Basis | Store of Value | Unit of Account | Medium of Exchange |
---|---|---|---|
Definition | Store of value refers to an asset or item that retains its value over time, allowing individuals to preserve their wealth for future use. It is a way to maintain purchasing power over the long term. | A unit of account is a standard measure used to represent the value of goods, services, assets, and transactions in an economy. It provides a common basis for comparing the value of different items. | A medium of exchange is an accepted instrument or currency that facilitates the buying and selling of goods and services. It is a tool that enables transactions between parties without the need for direct bartering. |
Function | A store of value allows people to store their wealth and assets in a form expected to maintain their value, despite changes in the economic environment. | A unit of account simplifies economic transactions by providing a consistent way to express prices, values, and costs. It helps compare the relative worth of various items and make informed decisions. | A medium of exchange promotes economic efficiency by eliminating the complexities of barter systems. It enables people to exchange their goods or services for a universally accepted medium, which they can then use to obtain other goods and services. |
Example | Gold, real estate, stable fiat currencies (e.g., the US Dollar), and certain investment assets can serve as stores of value. | In the US, the US Dollar serves as the unit of account. When we see the prices listed for products or services, they are typically denominated in the local currency (e.g., $10 for a book). | In modern economies, currency (physical notes and coins) and digital money in bank accounts serve as mediums of exchange. When one buys groceries using cash or credit cards, it means the transaction is executed using an accepted medium of exchange. |
Frequently Asked Questions (FAQs)
Gold has demonstrated relative stability in its value over centuries. While its price can fluctuate in the short term, it tends to maintain its value better than some other assets during economic uncertainties, inflation, and market downturns.
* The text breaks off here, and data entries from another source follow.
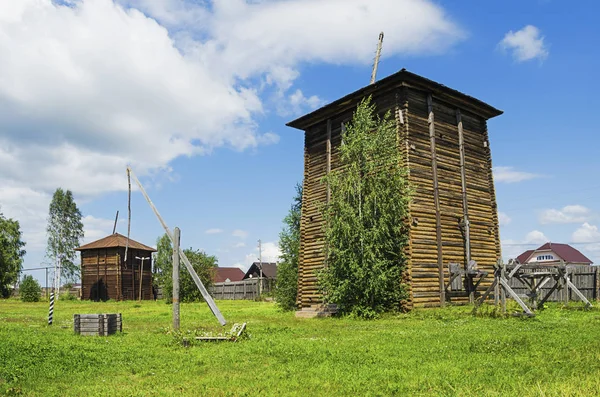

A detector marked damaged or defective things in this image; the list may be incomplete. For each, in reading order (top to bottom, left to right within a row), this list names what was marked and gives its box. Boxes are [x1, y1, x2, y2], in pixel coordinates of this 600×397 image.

rusty metal roof [75, 232, 157, 251]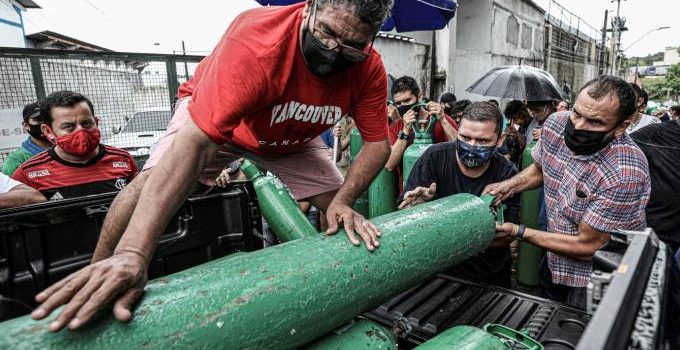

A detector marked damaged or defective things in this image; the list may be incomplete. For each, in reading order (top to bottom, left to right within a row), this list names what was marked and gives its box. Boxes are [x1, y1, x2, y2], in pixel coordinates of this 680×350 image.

green cylinder with rust [242, 160, 318, 242]
green cylinder with rust [350, 128, 366, 216]
green cylinder with rust [370, 167, 396, 219]
green cylinder with rust [404, 117, 436, 189]
green cylinder with rust [516, 141, 544, 286]
green cylinder with rust [1, 193, 500, 348]
green cylinder with rust [304, 318, 396, 348]
green cylinder with rust [412, 326, 508, 350]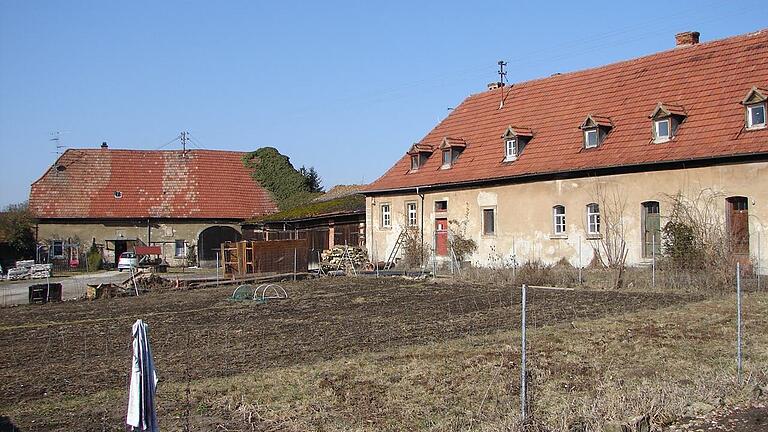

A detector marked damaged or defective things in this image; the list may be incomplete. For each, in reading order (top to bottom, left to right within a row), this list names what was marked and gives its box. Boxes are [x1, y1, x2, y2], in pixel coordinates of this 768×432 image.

peeling plaster wall [35, 219, 240, 266]
peeling plaster wall [368, 162, 768, 274]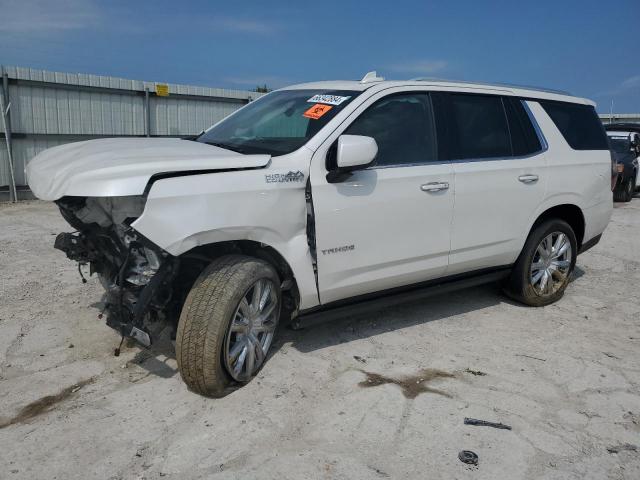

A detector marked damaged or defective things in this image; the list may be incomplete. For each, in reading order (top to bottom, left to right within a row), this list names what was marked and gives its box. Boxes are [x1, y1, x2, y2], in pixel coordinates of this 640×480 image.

damaged front end [55, 196, 179, 348]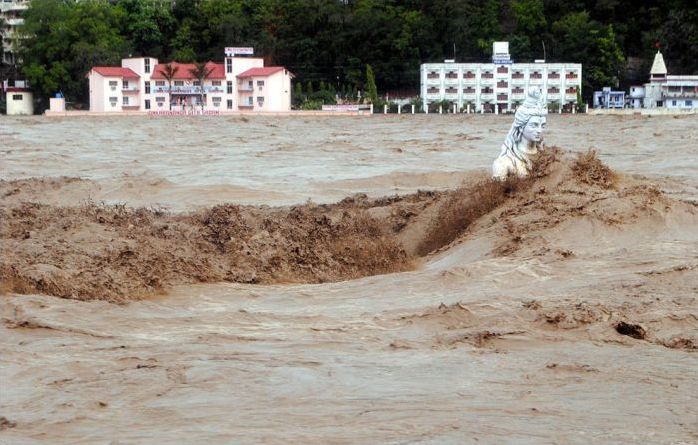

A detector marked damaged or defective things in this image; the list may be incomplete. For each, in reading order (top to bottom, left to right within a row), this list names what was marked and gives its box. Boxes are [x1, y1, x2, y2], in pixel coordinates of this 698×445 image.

The term standard of value defines the value assigned to a transaction, which is mutually determined between buyers and sellers, taking their requirements into account. The store of value guarantees the future value of an asset, ensuring time does not affect its worth. While both terms refer to future transactions, their application is completely different.
A store of value cryptocurrency is a type of digital asset that aims to retain its value over time, similar to how traditional stores of value like gold or stable fiat currencies do. These cryptocurrencies are designed to provide a reliable way for individuals seeking to preserve their wealth and purchasing power within the digital realm.